PORTLAND, Ore. – They are conspicuous in their size, their gaudy statistics and the many accolades they have earned within their respective conferences and nationally.
Mississippi State's shot-blocking phenom Jarvis Varnado and Washington's relentless rebounder Jon Brockman bring the big show to the Rose Garden on Thursday in an NCAA West Regional first-round game. Everyone agrees the two post players will have a huge bearing on the outcome.
Mississippi State, 23-12 and seeded 13th, is seen as a bit of a party crasher, making the Big Dance after a four-win–in-four-days performance to capture the SEC tournament.

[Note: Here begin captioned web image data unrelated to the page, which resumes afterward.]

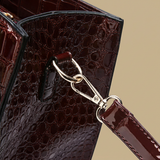 Tote Bag Croc Embossed Finish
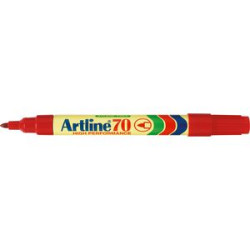RED ARTLINE 70 PERMANENT MARKER 1.5MM BULLET EACH.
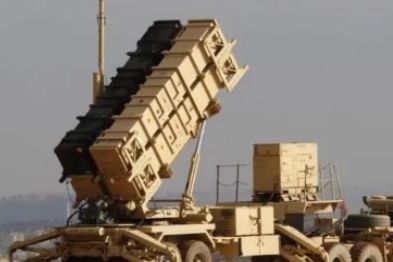 A US Patriot air defense system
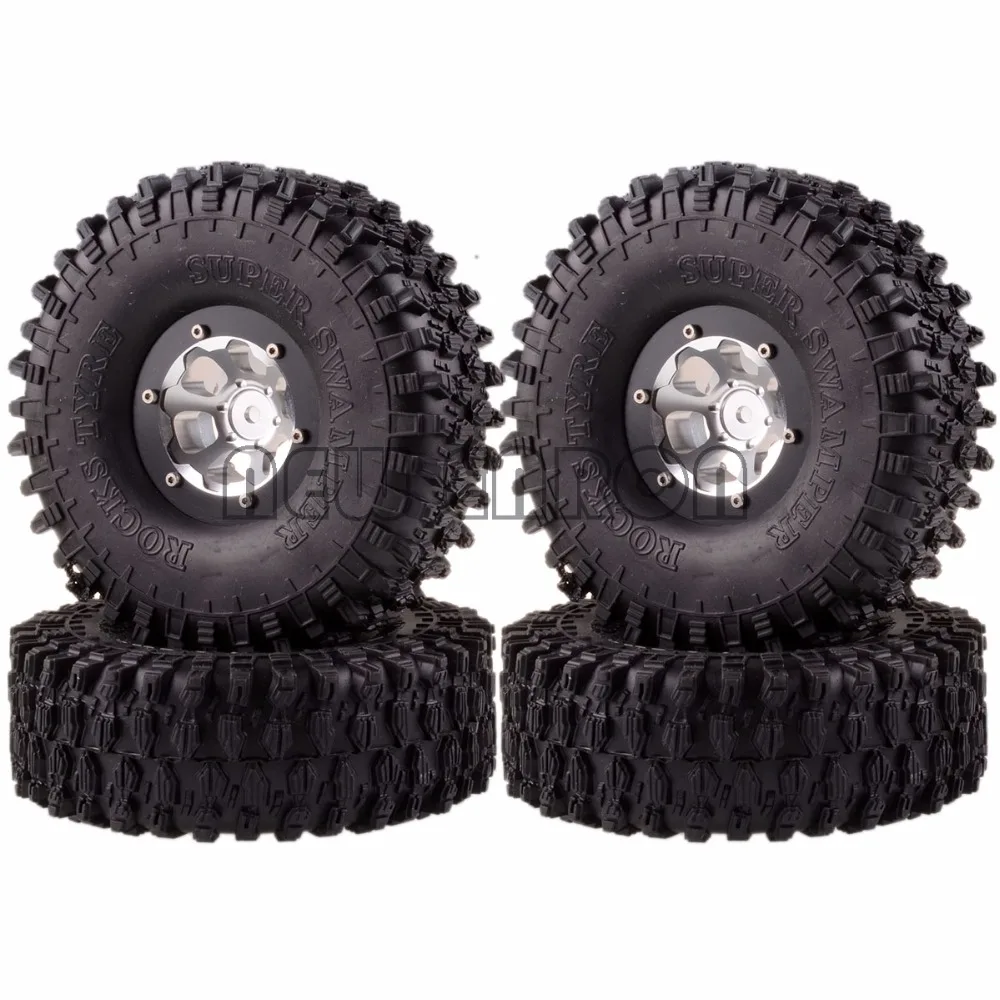 NEW ENRON 4PCS 1.9" Metal Wheel Rims & 120MM Super Swamper Tyre Tires For RC 1/10 1:10 Rock Crawler TRX4 Tamiya CC01 MST jimny 
NEW ENRON 4PCS 1.9" Metal Wheel Rims & 120MM Super Swamper Tyre Tires For RC 1/10 1:10 Rock Crawler TRX4 Tamiya CC01 MST jimny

They wouldn't be here without Varnado, the conference's two-time defensive player of the year and the nation's leader in blocked shots for the second consecutive season. The junior swatted 165 shots this season, 157 the year before.
Simply put, he's a game changer, Washington coach Lorenzo Romar said.
"Many will see the shots that he does block, but you tend to forget about the other shots that he doesn't block but he changes," Romar said. "And on the third tier is the shots he didn't change, but you were looking for him somewhere so you weren't able to focus on making the basket.
"When a guy can block shots like that he can make a tremendous impact on the game."
Varnado's impact was never greater than in last week's SEC tournament, when he was named most valuable player. The 6-foot-9 center sparked wins over Georgia, South Carolina, LSU and Tennessee, averaging 13.8 points, 8.8 rebounds and blocking 22 shots.
That effort did not escape that attention of Brockman and the fourth-seeded Huskies (25-8).
"He's a very unique player," Brockman said. "I've played against people who have a lot of the skills he has, but I think he's got pieces of different players all put together.
"Everyone talks about his shot blocking, but watching him on the rebounding aspect of the game, he gets his hands on a lot of balls, keeps things alive. He's going to be a fun person to play against."
Brockman, the Pac-10 rebounding leader the past three seasons, knows a thing or two about shutting down opponents with his physical play. He has been a killer on the boards – particularly on the defensive glass – and has amassed 1,521 rebounds over his career, the most in the Pac-10 since the early 1970s when a fellow named Bill Walton patrolled the paint for indomitable UCLA.
The 6-7 forward is hardly one dimensional, leading the nation in double-doubles this season while averaging 14.9 points and 11.2 rebounds for the Pac-10 regular-season champions.
No one had to remind Mississippi State coach Rick Stansbury of Brockman's status among the game's elite or his tireless work ethic.
"He leads in the nation in double-doubles over [Tyler] Hansbrough and that kid from Notre Dame [Luke Harangody]. He's a tremendous rebounder. His energy and relentlessness on the boards is different than most players you see. He's been a load for everyone he's played against, and he's going to be a load for us."
Brockman's bruising style has become legendary here in the Pacific Northwest, but Varnado said he will be ready for the storm.
"I'm going to have my work cut out for me," Varnado said.
Varnado and Brockman won't be playing one on one, so it's not as if others won't have a say in the outcome. The Bulldogs feature a four-guard offense that likes to shoot 3-pointers, a great equalizer. The Huskies have an exciting backcourt featuring freshman point guard Isaiah Thomas, who has shown an affinity for dictating tempo and when to drive or dish.
But to be effective, the little guys are going to have to try to get past two of the game's giants.
Romar said the Huskies won't change their approach because of Varnado.
"Not that he's a bully at all, but if you're tentative at all with a bully, he's going to bully you all night, all year," Romar said. "You've got to be the aggressor. You can't back down. You know you are probably going to get hit a couple times, but you have to hang in there and hopefully you will get your share."
Stansbury knows he has to keep his big guy out of foul trouble to have a chance to pull the upset. If Varnado can do that while containing Brockman, the Bulldogs have a chance.
"If you look at the matchups, we have a pretty good guy guarding [Brockman],” Stansbury said. "Jarvis is a pretty good defender and has gone against good players.
"We have to find a way to limit [Brockman]. We know we're not going to shut him out.
"I think every coach that comes to the podium has said that, but no one seems to be able to do that."